Portuguese man o'war wash up on Jersey shoreline

Several Portuguese man o'war were spotted near Le Braye at St Ouen's Bay. Credit: Tony Andrews

An increasing number of venomous, jellyfish-like creatures have been spotted washing up on Jersey's shoreline.

It's not the first time Portuguese Man O'War have been spotted on the island's beaches, but several have been discovered recently washed up on St Ouen's Bay, along Jersey's west coast.
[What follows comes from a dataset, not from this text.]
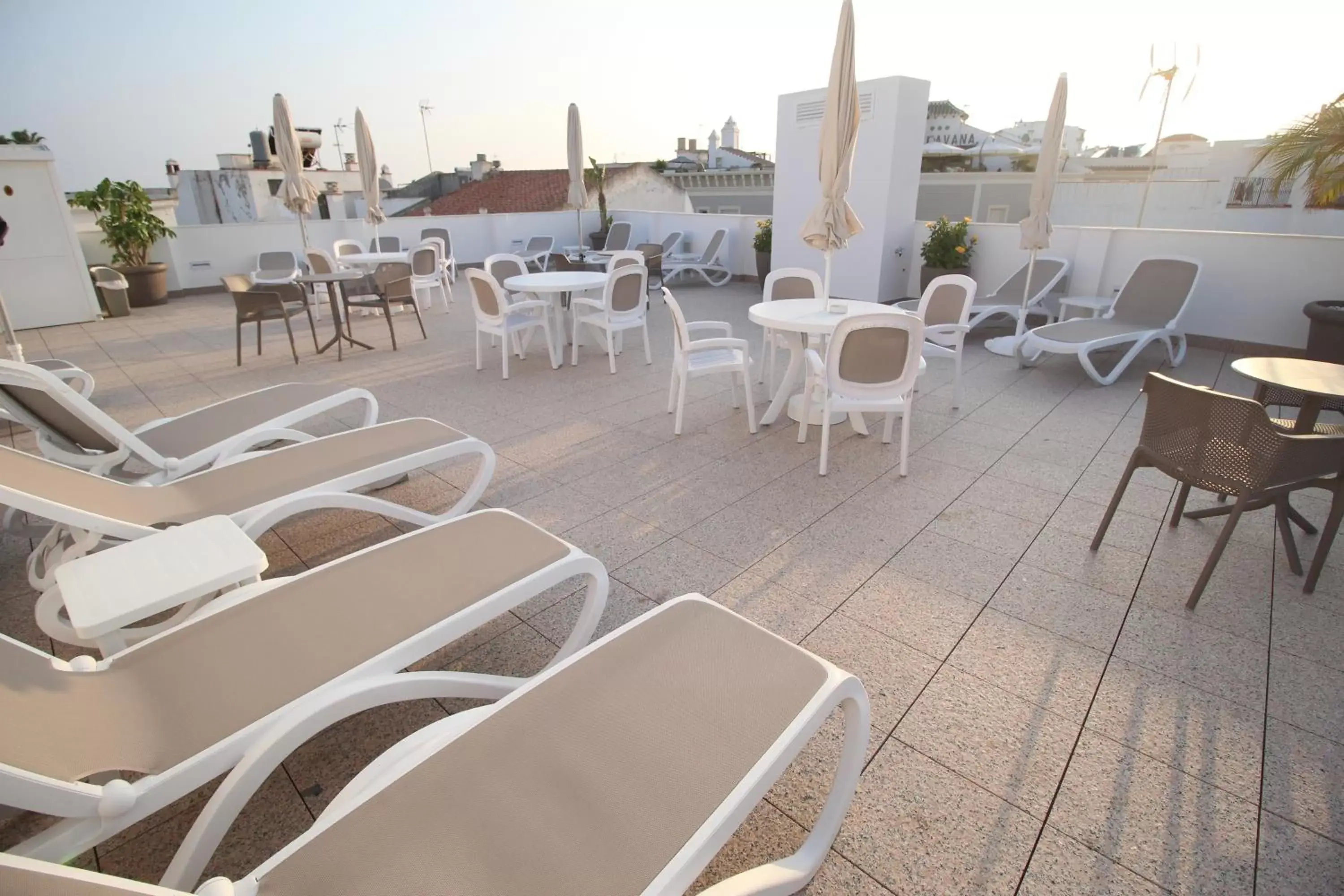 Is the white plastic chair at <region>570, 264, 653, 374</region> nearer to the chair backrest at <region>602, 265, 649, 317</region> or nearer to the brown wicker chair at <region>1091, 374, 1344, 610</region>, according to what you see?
the chair backrest at <region>602, 265, 649, 317</region>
The Marine Conservation Society says the creatures can be "extremely dangerous to humans due to their powerful sting".

Their tentacles are covered in venom-filled capsules which are used to paralyse and kill fish and other small creatures.

The creatures can deliver a painful sting so people are being warned not to touch them.

While excruciatingly painful for humans, man o'war stings are not usually deadly.

Dog walkers in particular are being told to be vigilant, as even the detached tentacles can be dangerous.

What to do if you are stung by one?

Pain from a Portuguese Man O'War sting typically lasts 15 to 20 minutes, but there are things you can do to help alleviate the pain.

Carefully remove any tentacles from the skin using tweezers. Then, wash the affected area with seawater.

Afterwards, soak the area in hot water - as hot as you can handle without burning the skin - to ease the pain. You can also purchase local anaesthetic gels and other forms of pain relief from a pharmacy.

If you are concerned about severe or lasting pain, or the affected area becomes infected, seek medical help.